[impala] branch master updated: IMPALA-9162: Do not apply inferred predicate to outer joins

tarmstrong Tue, 10 Dec 2019 11:17:38 -0800

This is an automated email from the ASF dual-hosted git repository.

tarmstrong pushed a commit to branch master
in repository https://gitbox.apache.org/repos/asf/impala.git



The following commit(s) were added to refs/heads/master by this push:
     new df5c406  IMPALA-9162: Do not apply inferred predicate to outer joins
df5c406 is described below

commit df5c4061456abb947cec8add81b361b60c5d3ad8
Author: Aman Sinha <[email protected]>
AuthorDate: Sat Nov 30 13:20:19 2019 -0500

    IMPALA-9162: Do not apply inferred predicate to outer joins
    
    When the planner migrates predicates to inline views, it also creates
    equivalent predicates based on the value transfer graph which is built
    by transitive relationships among join conditions. These newly inferred
    predicates are placed typically as 'other predicates' of an inner or
    outer join.
    
    However, for outer joins, this has the effect of adding extra predicates
    in the WHERE clause which is incorrect since it may filter NULL values.
    Since the original query did not have null filtering conditions in
    the WHERE clause, we should not add new ones.

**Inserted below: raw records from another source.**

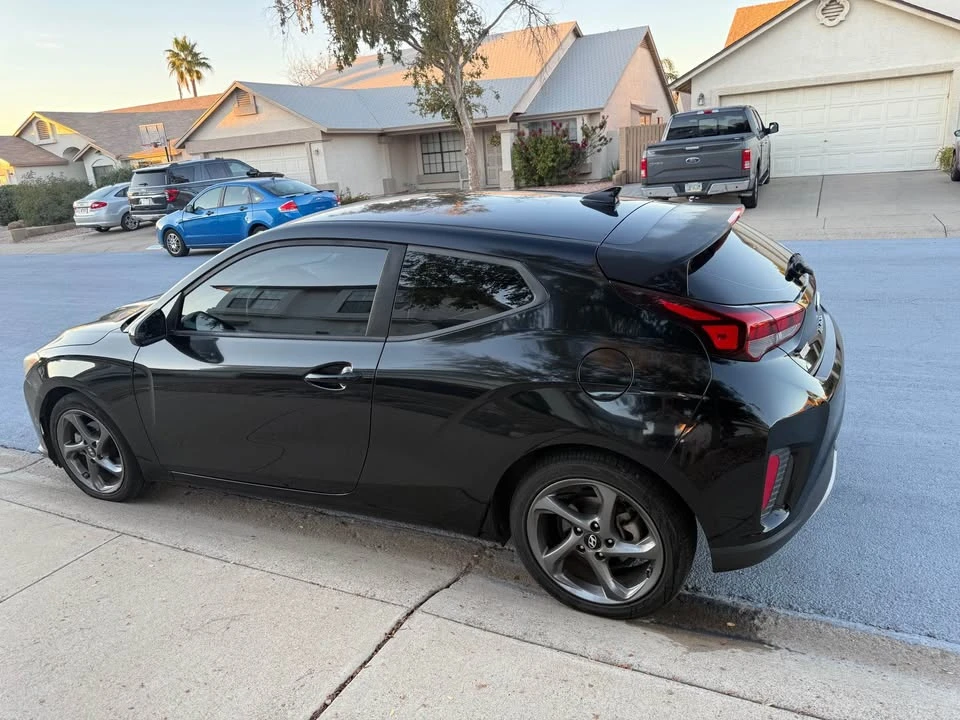 2019 Hyundai Veloster - Image 4 of 12
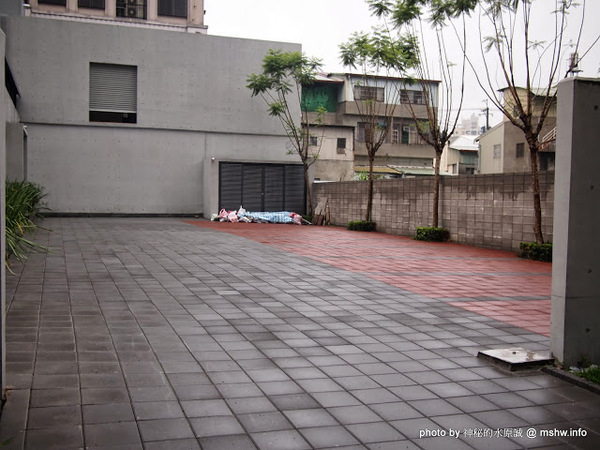 Beluga Restaurant&Bar(Beluga 法式餐酒館)：【食記】台中Beluga Restaurant & Bar 法式餐酒館@西屯 : 炫彩奪目,低調中帶點奢華!米其林等級的南法美味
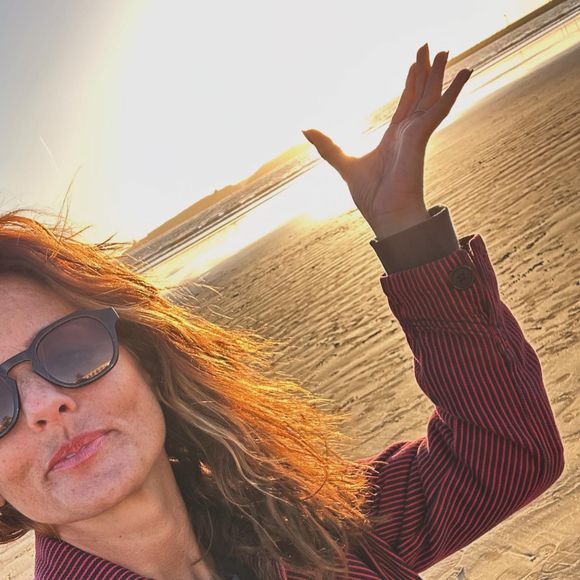 Elle compte près de 600 milles abonnés et, parfois, doit faire face à quelques critiques...

Faustine Bollaert se prend en photo sur son Instagram.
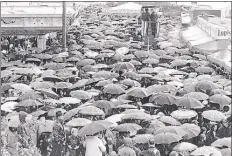  ?? BILD: NWZ ?? 1970: Regen und Wind hielten die Oldenburge­r nicht von der Eröffnungs­zeremonie des Kramermark­ts ab.
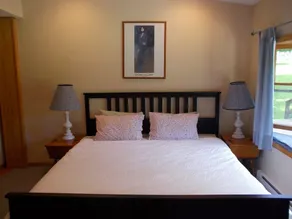 The Hutch Country Inn of Hillsdale - Image 2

In this fix we do the
    following: during the migration of conjuncts to inline views, analyze
    the predicate of type A <op> B and if it is an inferred predicate AND
    either the left or right slots reference the output tuple of an outer
    join, the inferred predicate is ignored.
    
    Note that simple queries with combination of inner and outer joins may
    not reproduce the problem.  Due to the nature of predicate inferencing,
    some combination of subqueries, inner joins, outer joins is needed.  For
    the query pattern, please see the example in the JIRA.
    
    Tests:
      - Added plan tests with left and right outer joins to inline-view.test
      - One baseline plan in inline-view.test had to be updated
      - Manually ran few queries on impala shell to verify result
    correctness: by checking that NULL values are being produced for outer
    joins.
      - Ran regression tests on jenkins
    
    Change-Id: Ie9521bd768c4b333069c34d5c1e11b10ea535827
    Reviewed-on: http://gerrit.cloudera.org:8080/14813
    Reviewed-by: Impala Public Jenkins <[email protected]>
    Tested-by: Impala Public Jenkins <[email protected]>
---
 .../apache/impala/planner/SingleNodePlanner.java   | 38 +++++++++
 .../queries/PlannerTest/inline-view.test           | 93 +++++++++++++++++++++-
 2 files changed, 130 insertions(+), 1 deletion(-)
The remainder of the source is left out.